高梨俊一氏は、ゲームを作る時の「バランスが大事」だと言っている。

 

シミュレーション・ゲーム界が、データ派と歴史派(シミュレーション派)とゲーム派に分かれている。それぞれに対して黒田氏が論理的かつ的確に論評している。そして、「シミュレーションゲームとは、歴史の再構成」と定義し、「歴史の流れはデータの一つであり、そこに至る流れを研究してデータを取捨選択し、プレイヤーにモデルを再構成できるようにすることがゲームデザインだ」と明言している。「シミュレーションゲームにおける創造性とは、モデルを構成するためのデータの選択」であり、「いろいろな実験ができることが望ましい。(略)データを取捨選択すること、それがすなわち新しいルールやシステムをつくるということであり、それがシミュレーションゲームにおける創造性」だとまとめている。

 

お二人とも、とてもわかりやすく、論理的に話しており、今の私よりずっと若いのに凄いと思った。

 

p.24 ハンガーからみた日米航空母艦 塩谷伸一郎

航空母艦の設計に関する日米比較だ。日本の航空母艦の格納庫がクローズ型、アメリカのそれはオープン型だった。太平洋戦争の戦訓から見ると、アメリカの方に分があった。

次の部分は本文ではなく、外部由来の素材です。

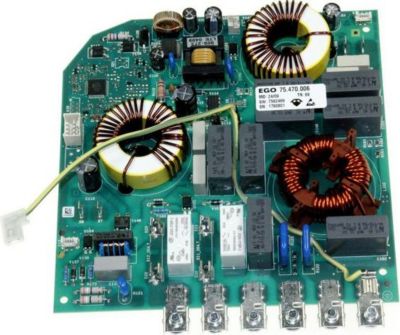 Carte KUPPERSBUSCH platine filtre de reseau 75.470.006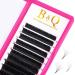 Easy Fan Lashes C-0.07-10-14Mix Easy Fan Russian Lashes Eyelash Extensions C CC D DD curl Self Fanning Lashes 8-20mm Flowering Blooming Volune Lash Extension(C-0.07 10-14 Mix) 1 count (Pack of 1) C-0.07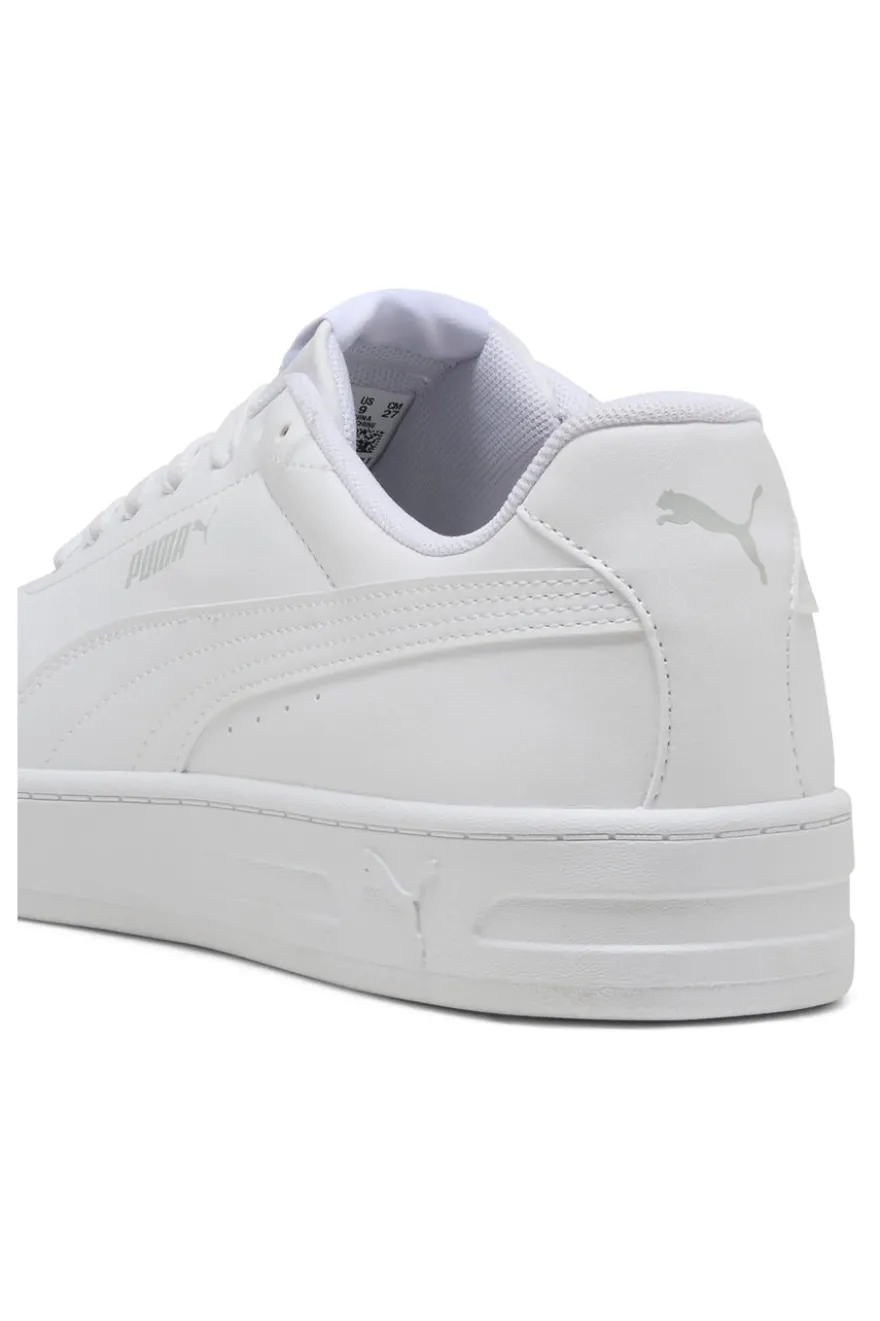 Sneakers Bianche Puma Court Classic Clean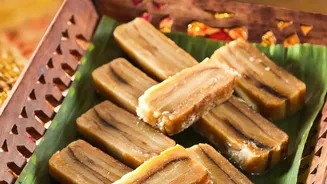 Four Coconut Treats That Reflect Malaysia's Diverse Food Heritage
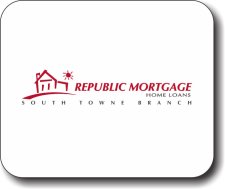 (image for) Republic Mortgage South Towne Mousepad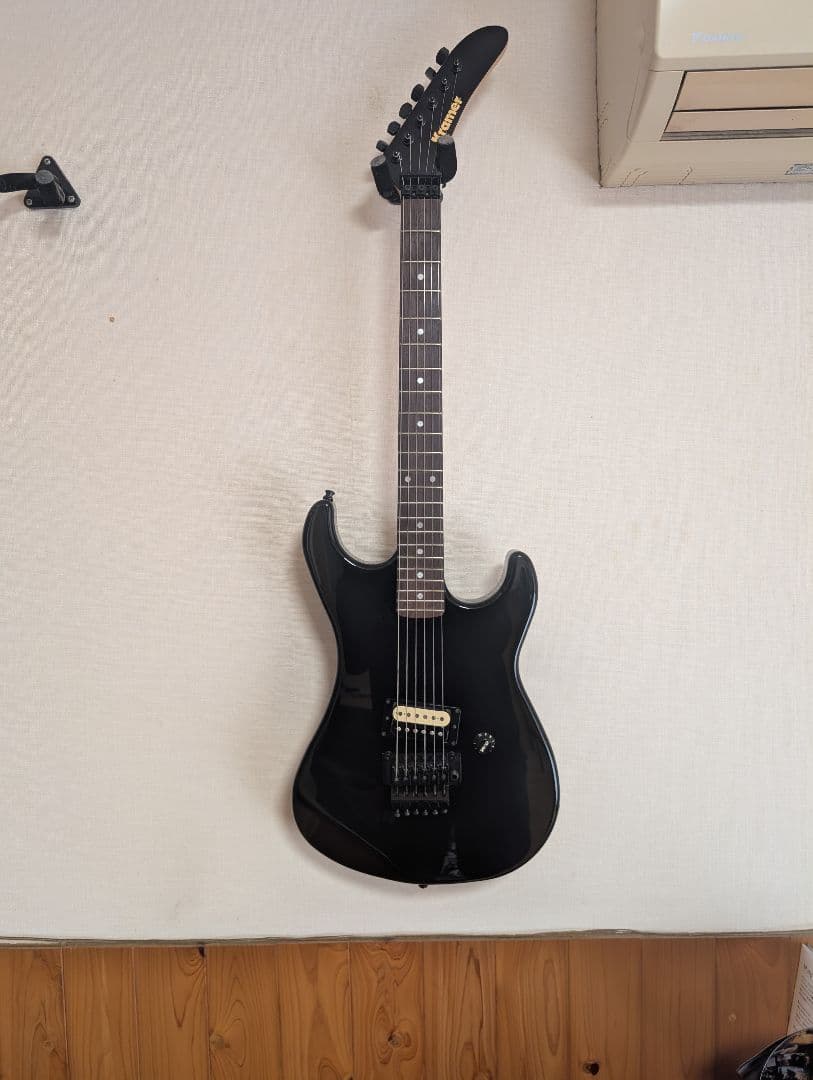 ギター kramer baretta 1983 reissue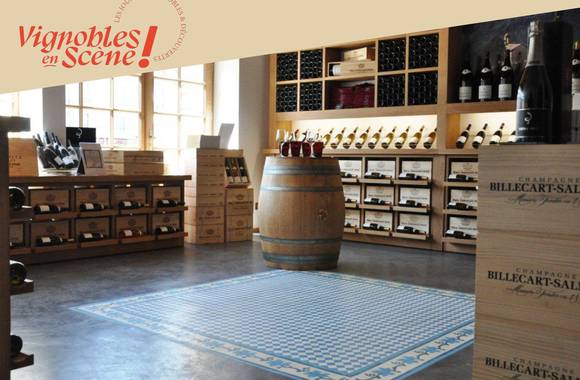 Wine initiation and discovery workshop at Vineum
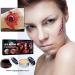  G n rique Halloween Makeup - 2 In 1 Washable Body Paint Kit Includes Fake Blood Gel And Scar Realistic Effect For Nose Eyebrow Detailing Game Game - Buy Online on GoSupps.com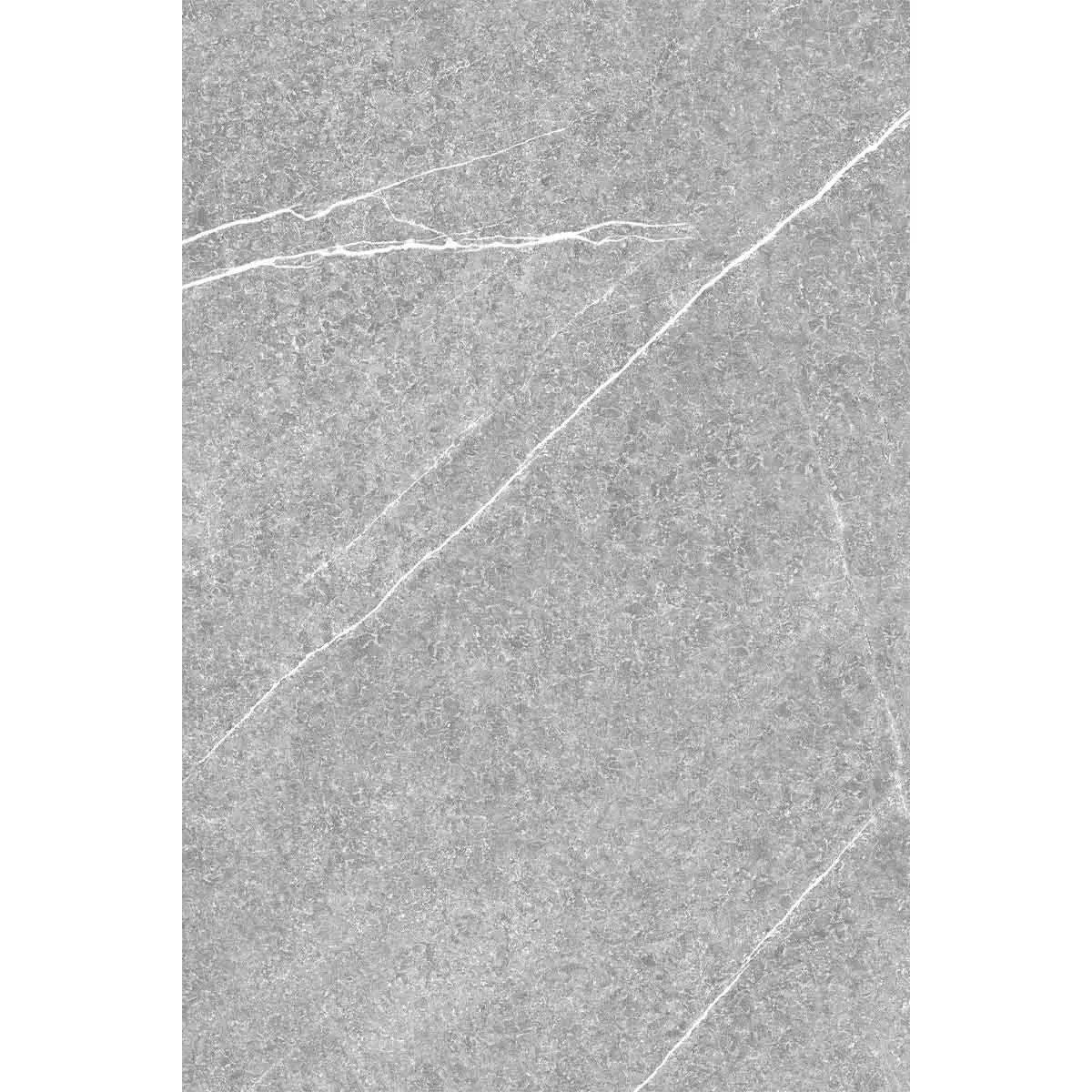 Tarragona Grey 20mm Marble-Effect Outdoor Porcelain Tile 59x90cm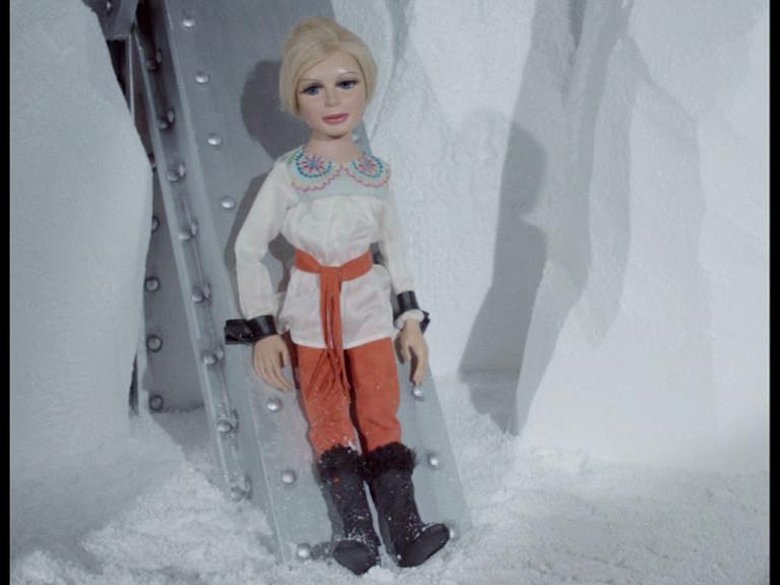 The Abominable Snowman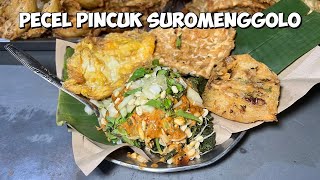 SEGO PECEL PINCUK SUROMENGGOLO [upl. by Belldas210]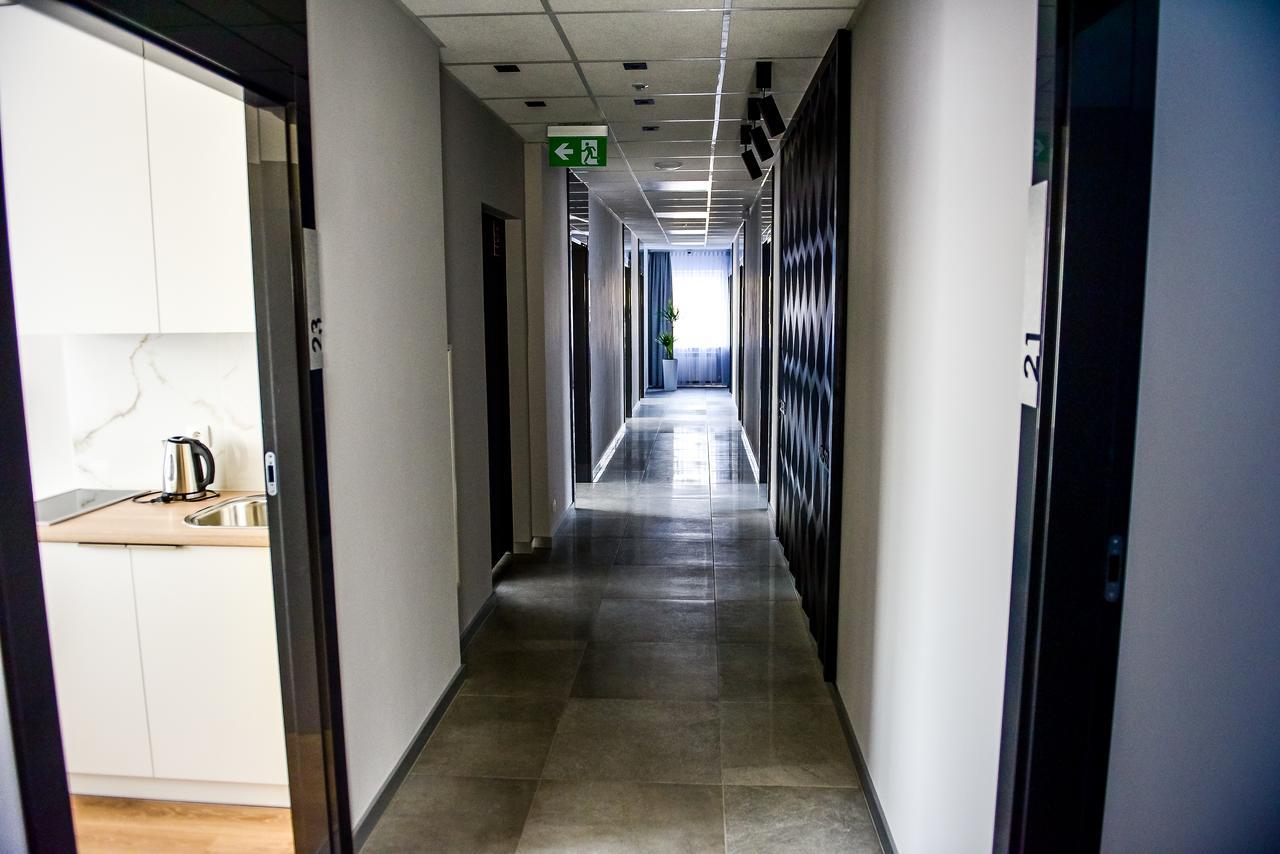 Klobuck Hotel Coliber מראה חיצוני תמונה
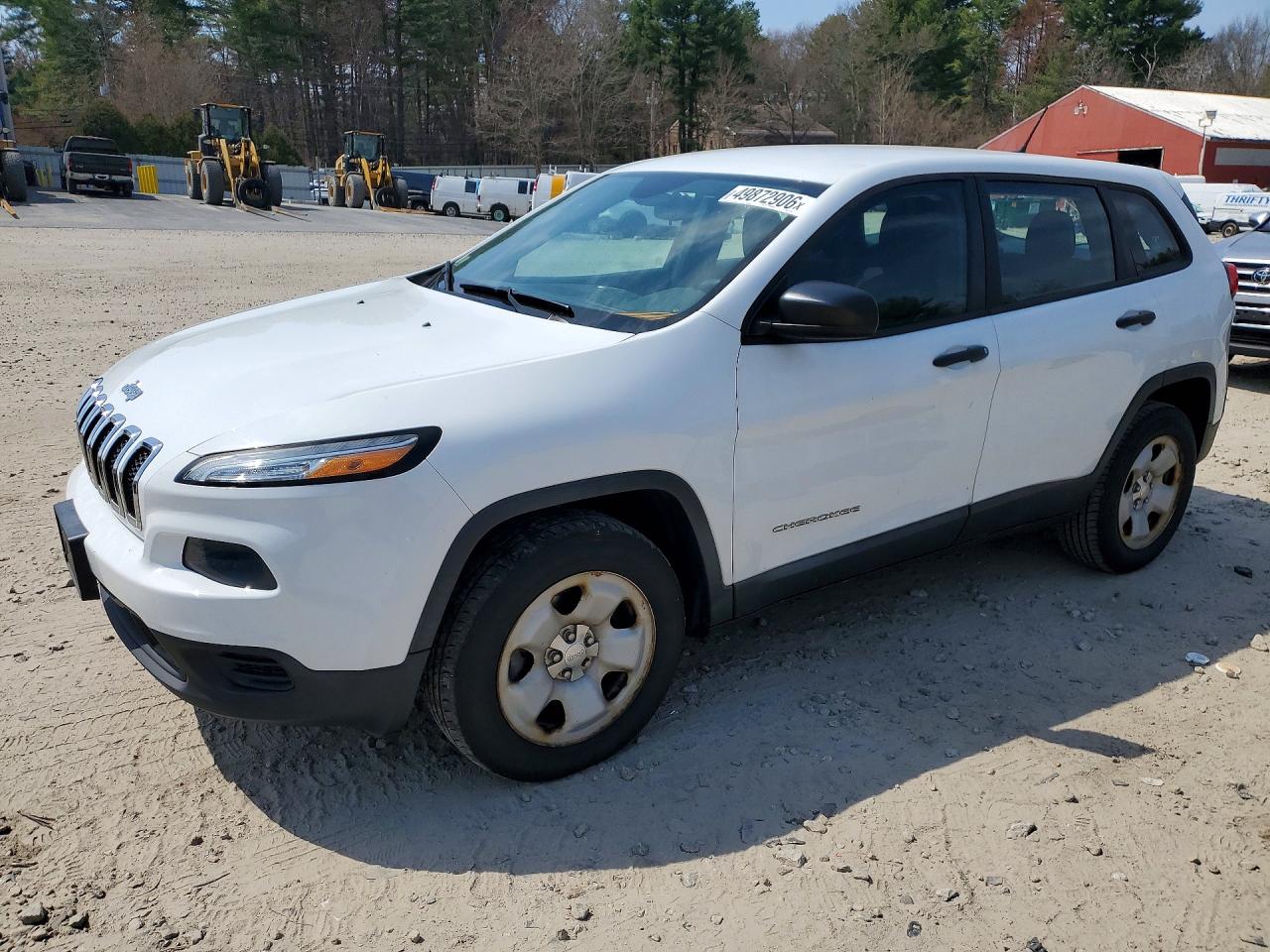 JEEP CHEROKEE 2014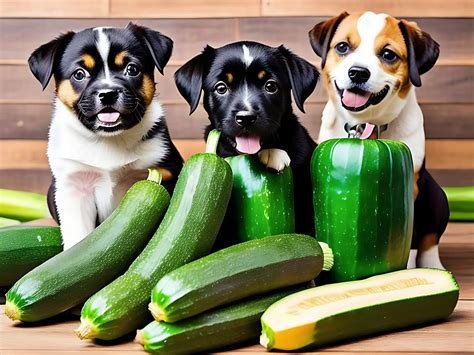 Can Dogs Eat Zucchini 9 Benefits Is It Good To Feed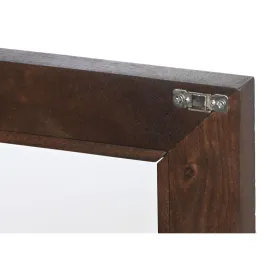 Bufete Home ESPRIT Marmors Mango koks 200 x 40 x 70 cm
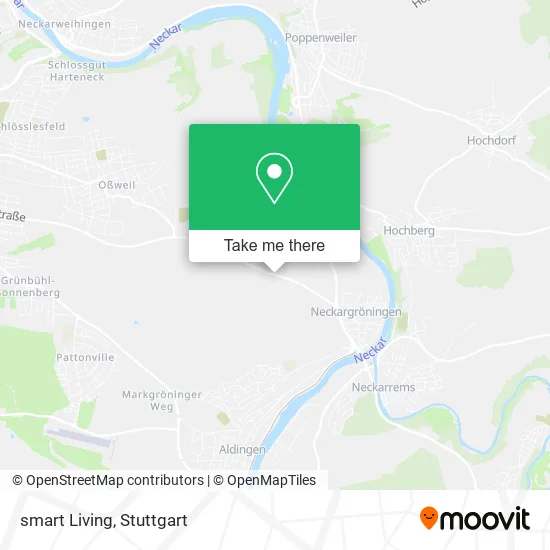 Карта smart Living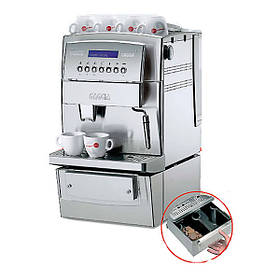 Ремонт кофемашины Gaggia Titanium Office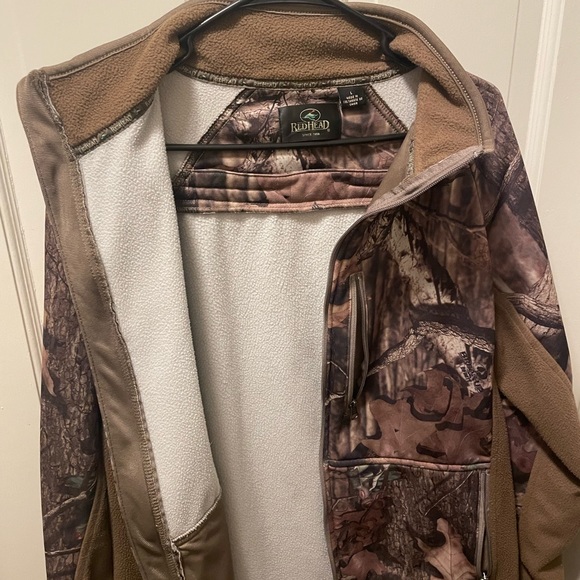 Redhead lightweight hunting top - Picture 3 of 4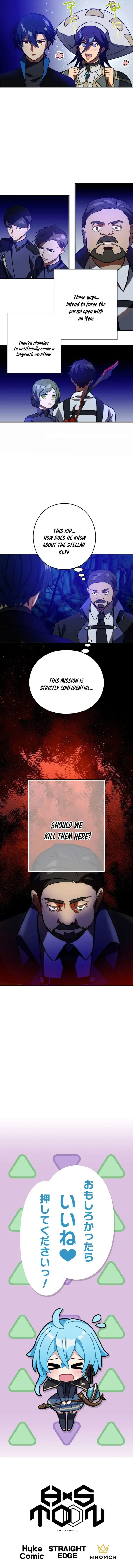 Reborn Ranker – Gravity User Chapter 90 Online - página 9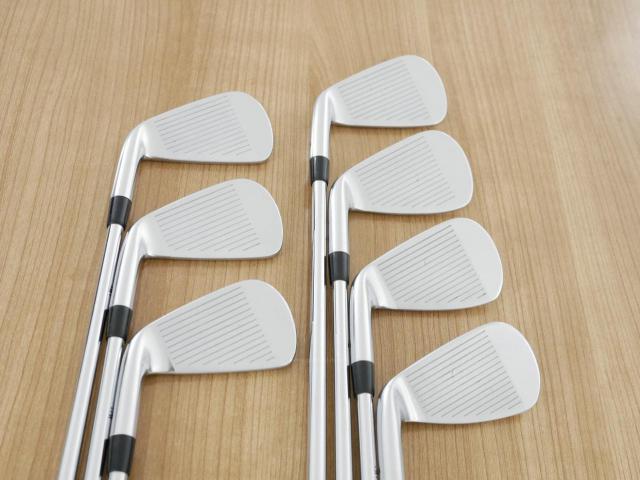 Iron set : Callaway : ชุดเหล็ก Callaway X Forged มีเหล็ก 4-Pw (7 ชิ้น) ก้านเหล็ก Project X 6.0 Flex SX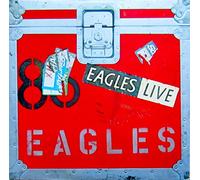 The Eagles - Eagles Live + Poster [Vinilo]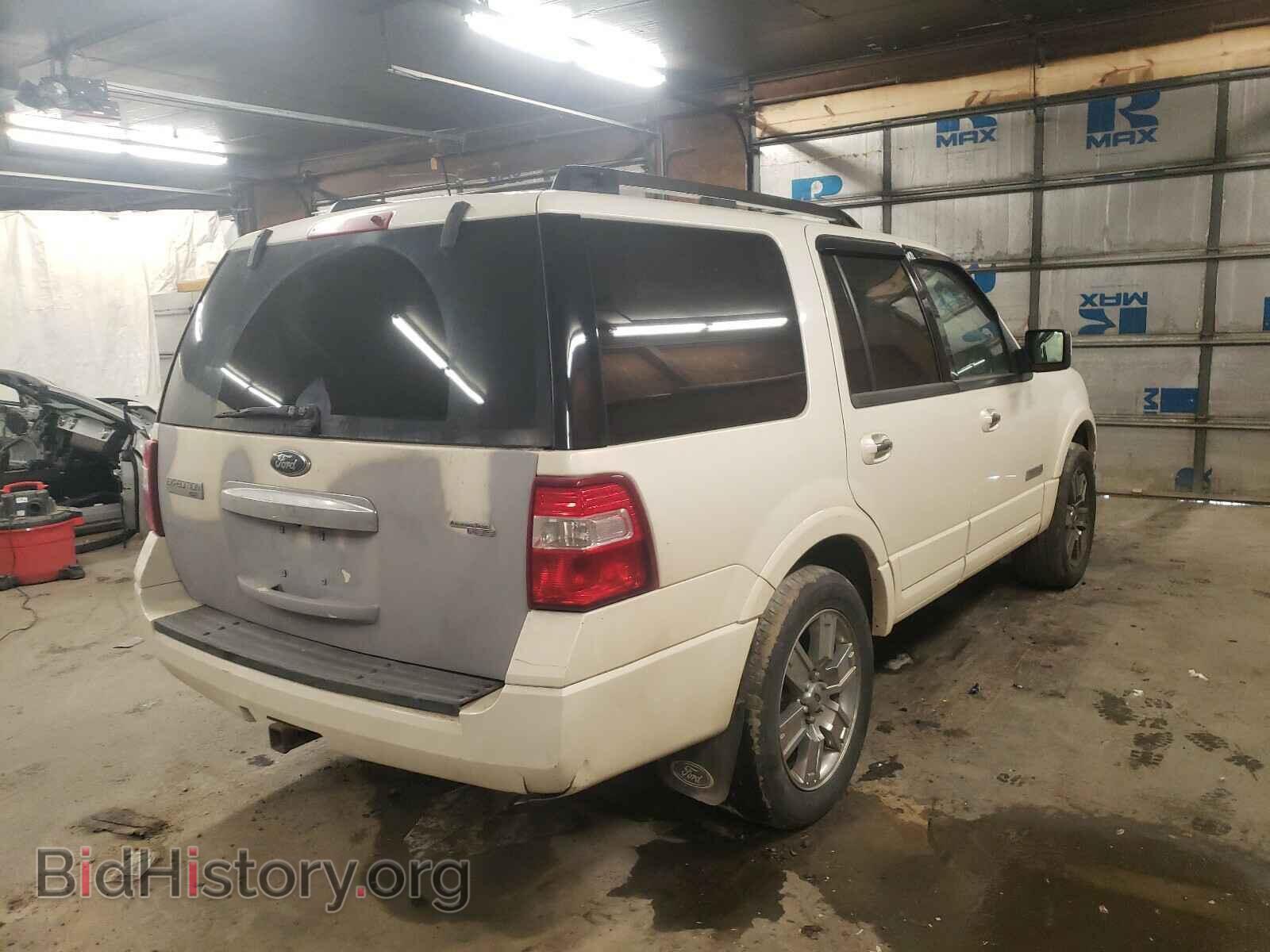 2008 FORD EXPEDITION - VIN: 1FMFU20548LA33451 - Фото 4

アメリカの艦載機は主翼が大きく折り曲げられ、空母に乗せた時に小さくなり、そのために、多数の艦載機を搭載できる。日本の場合、零式艦上戦闘機にせよ、99式艦上爆撃機にせよ、翼端が小さく曲がるだけだ。これがなぜだろう?と小さい頃から思っていたが、塩谷氏も同様のことを書いているが、理由は書いていないのが残念だ。

 

p.35 New Games Guide 西部戦線シリーズ

HU『猛将パットン』、『オペレーション・グレネード』、『シシリー上陸作戦』の西部戦線シリーズについての紹介記事だ。

ライターの署名がないので、誰が書いたのかわからないが、この三部作に対して散々な書きようだ。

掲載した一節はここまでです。